State Oil Co. v. Khan, 522 U.S. 3 (1997), was a decision by the United States Supreme Court, which held that vertical maximum price fixing was not inherently unlawful, thereby overruling a previous Supreme Court decision, Albrecht v. Herald Co., 390 U.S. 145 (1968). However, the Court concluded that "[i]n overruling Albrecht, the Court does not hold that all vertical maximum price fixing is per se lawful, but simply that it should be evaluated under the rule of reason, which can effectively identify those situations in which it amounts to anticompetitive conduct."

==Background==
The 1968 decision in Albrecht v. Herald Co. held that wholesalers could not require franchisees and retailers of their products to sell items at a certain price. Advertisements regarding sales, therefore, always included the language "available at participating retailers only."

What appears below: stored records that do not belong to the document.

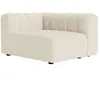 NORR11 STUDIO LOUNGE MEDIUM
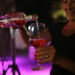 ENOTURISMO: Calendario de eventos Vinos Buenos Aires 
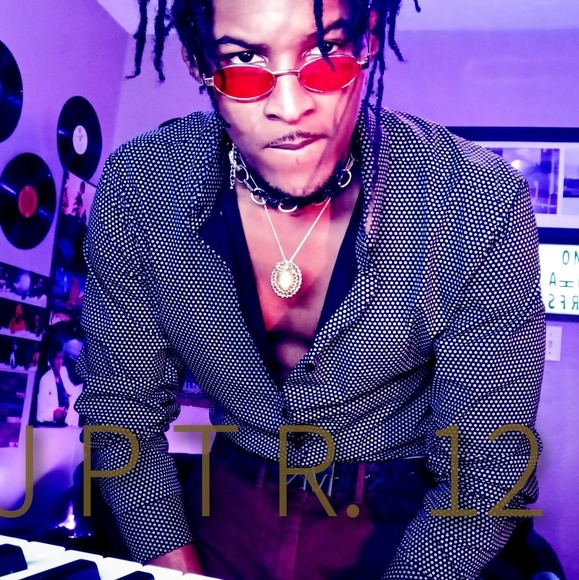 kiddjourney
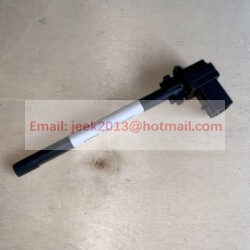 11220517 LEVEL SENSOR FOR SDLG EXCAVATOR PARTS E6210F E6205F E6225F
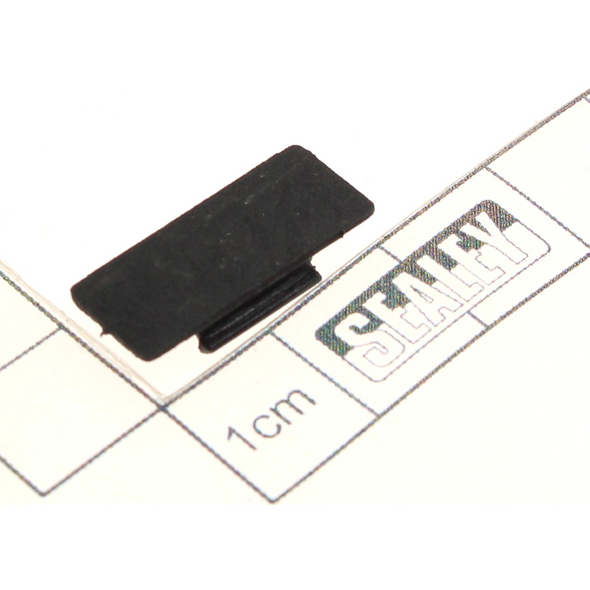 Sealey Speed control cover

The case before the court in 1997 involved a gasoline wholesaler and Chicago service station. State Oil Co. attempted to force the gasoline station owner, Barkat Khan, to sell State Oil's product at certain prices. Khan resisted and filed suit, claiming a violation of anti-trust law.

Khan won his case in the United States Court of Appeals in Chicago, presided over by Judge Richard Posner. Posner, however, mocked the Supreme Court's 1968 ruling on the matter in his decision, calling it "unsound when decided," "moth-eaten," and "increasingly wobbly" in application. Posner nevertheless abided by the Supreme Court's earlier decision, saying that it was the law until the Court overruled it.

==Decision==
Justice Sandra Day O'Connor wrote the unanimous opinion for the Court, overturning the previous case. She noted Posner was correct to rule for stare decisis, writing "it is this Court’s prerogative alone to overrule one
of its precedents." However, she wrote that she agreed with Posner: "Chief Judge Posner aptly described Albrechts infirmities." Although she noted that the Court was cautious in overturning precedents, the "great weight" of scholarly opinion had held that the Court's 1968 decision was incorrect.

==See also==
- List of United States Supreme Court cases, volume 522
- List of United States Supreme Court cases
- Lists of United States Supreme Court cases by volume
- Leegin Creative Leather Products, Inc. v. PSKS, Inc. (2007)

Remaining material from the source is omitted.